Overseeing the case will be Judge Richard Leon, who watched over the approval of Comcast’s 2011 acquisition of NBCUniversal, a vertical merger similar to what AT&T and Time Warner are proposing.
The tie-up between AT&T and Time Warner would create a combined company with national satellite and wireless networks and a deep production capabilities along with a popular content slate including programming from HBO, CNN, TBS and TNT.
Judge Leon said that the trial may six to eight weeks. That’s significantly longer than previous estimates, which put the trial length at about two weeks and tacked on another two to three weeks for the Judge to render his decision.
Analysts recently have given AT&T slightly down odds of winning the court battle. MoffettNathanson analyst Michael Nathanson puts odds on AT&T winning the trial at about 50/50. In a research note, Wells Fargo said Paul Young of the firm’s risk arbitrage team said the market is pricing in a deal probability of 35% to 40%, or slightly worse odds than a coin flip.
In recent weeks, both AT&T’s and the DOJ’s court strategies have taken shape. In February, AT&T’s defense was dealt a blow when Judge Leon denied a request by AT&T to use President Donald Trump’s apparent bias against CNN as an argument during the trial. The judge declined to make the DOJ produce records showing possible communications between the White House and the Justice Department.

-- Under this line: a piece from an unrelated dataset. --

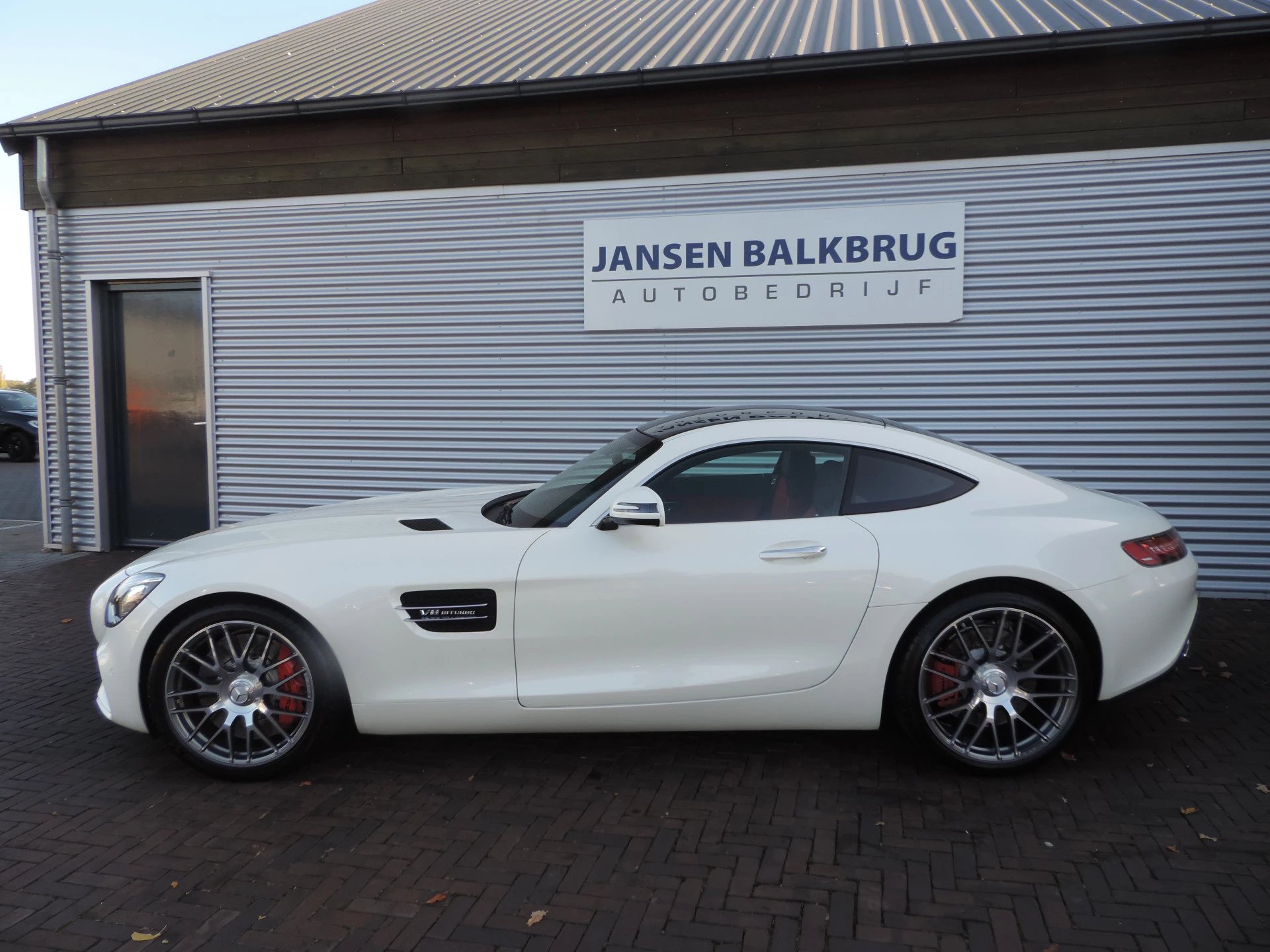 Hoofdafbeelding Mercedes-Benz AMG GT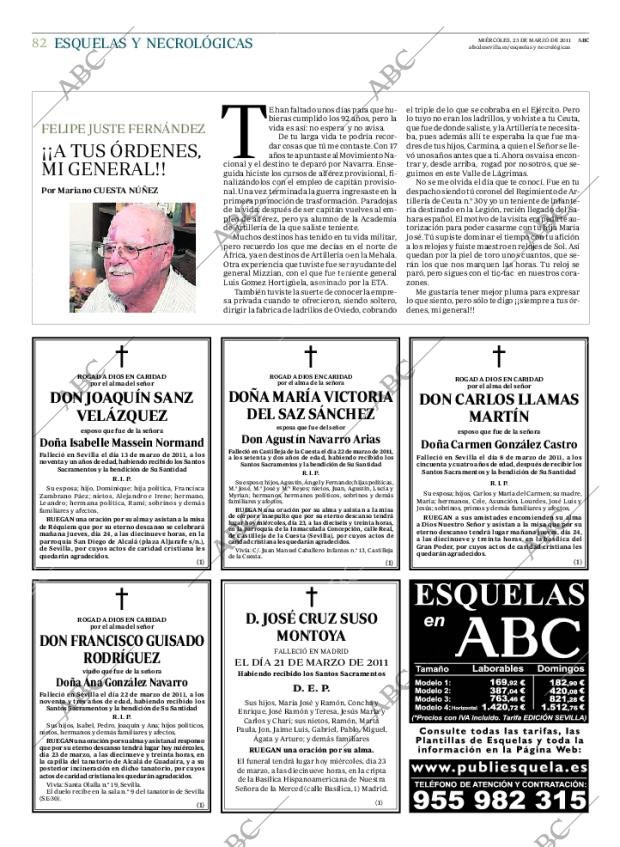 ABC SEVILLA 23-03-2011 página 82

Late last week, AT&T spelled out its case in a pre-trial brief, arguing that the DOJ’s initial argument about AT&T and Time Warner threatening to withhold Turner content from rival pay-TV providers no longer holds water thanks to the government’s economic expert refuting the theory.

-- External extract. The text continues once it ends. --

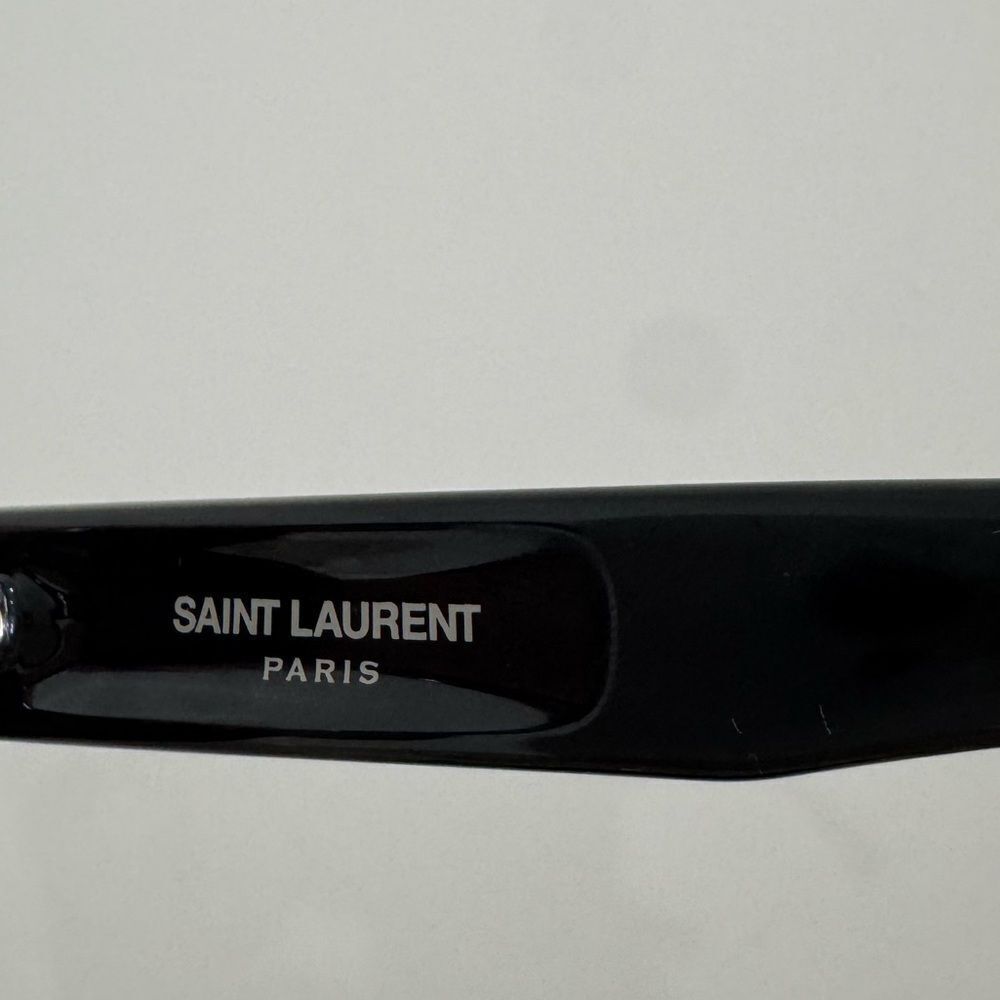 SAINT LAURENT Script Cat Eye Sunglasses, 53mm - Picture 8 of 14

“Now, what remains of the government’s case, ‘like a Persian cat with its fur shaved, is alarmingly pale and thin,’” AT&T wrote in the filing.

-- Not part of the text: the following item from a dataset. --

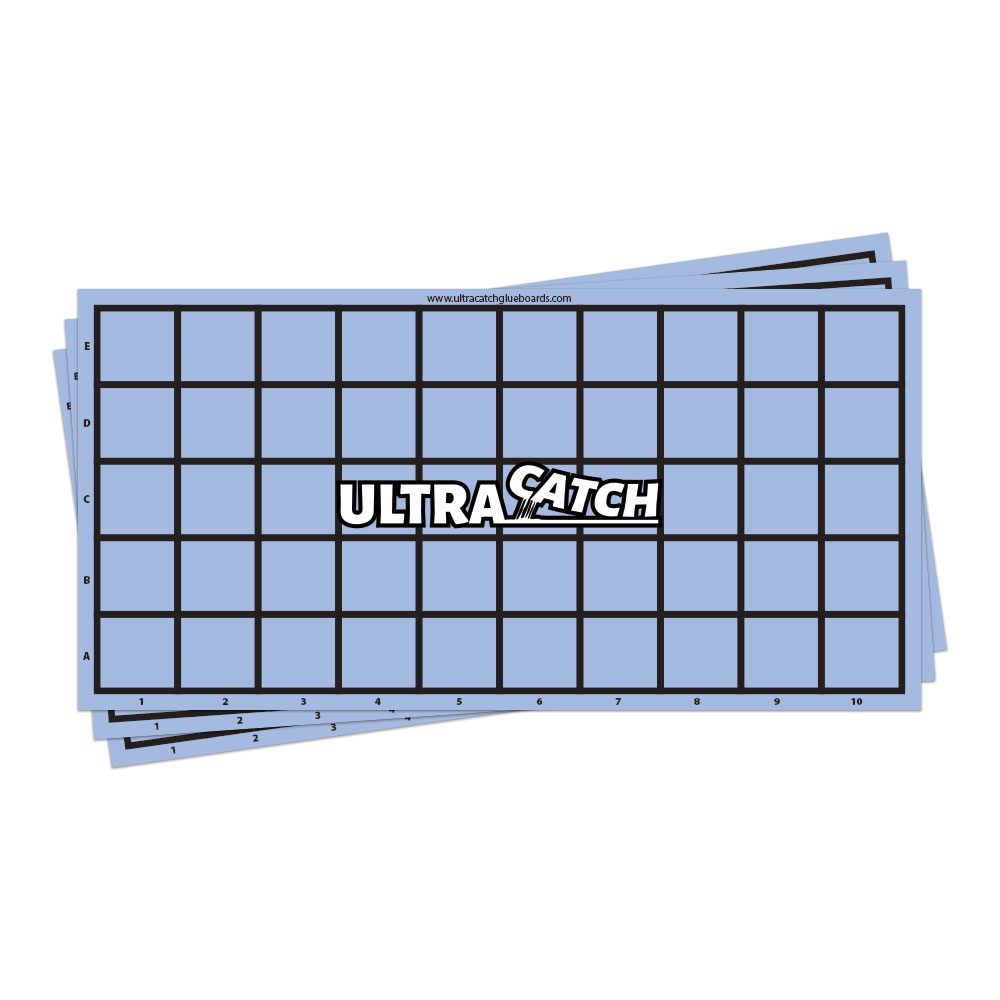 Lámina Adhesiva ULTRACATCH 44x22cm | Repuesto Profesional para Lámparas UV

AT&T said the DOJ’s case is now based on the theory that Turner will now be more likely to drive harder bargains with rival distributors.
The DOJ has argued that a combined AT&T and Time Warner would result in raising the total annual U.S. pay TV bill by $436 million.
"If TV program distributor AT&T acquires TV-program producer Time Warner, American consumers will end up paying hundreds of millions of dollars more than they do now to watch their favorite programs on TV," the DOJ wrote in a brief. "In short, the transaction violates Section 7 of the Clayton Act, because its effect 'may be substantially to lessen competition.' Prices for current services will go up and development of emerging competition will slow down.”
AT&T pointed toward calculations from University of California at Berkeley economics professor Carl Shapiro as a means of shooting down the DOJ’s allegations of price hikes.
“In his initial report, the government’s expert claimed, with startling and implausible precision, that the merger will cause consumer pay-TV prices to rise by a monthly total of 27 cents per subscriber, or less than 0.2% of a consumer’s average monthly bill,” AT&T wrote in its brief. “Just a few weeks later, after fiddling with some input dials, the expert managed to almost double that insubstantial result to a still-insubstantial 45-cent monthly increase, all of 0.4% per bill, which is where the government currently stakes its case.”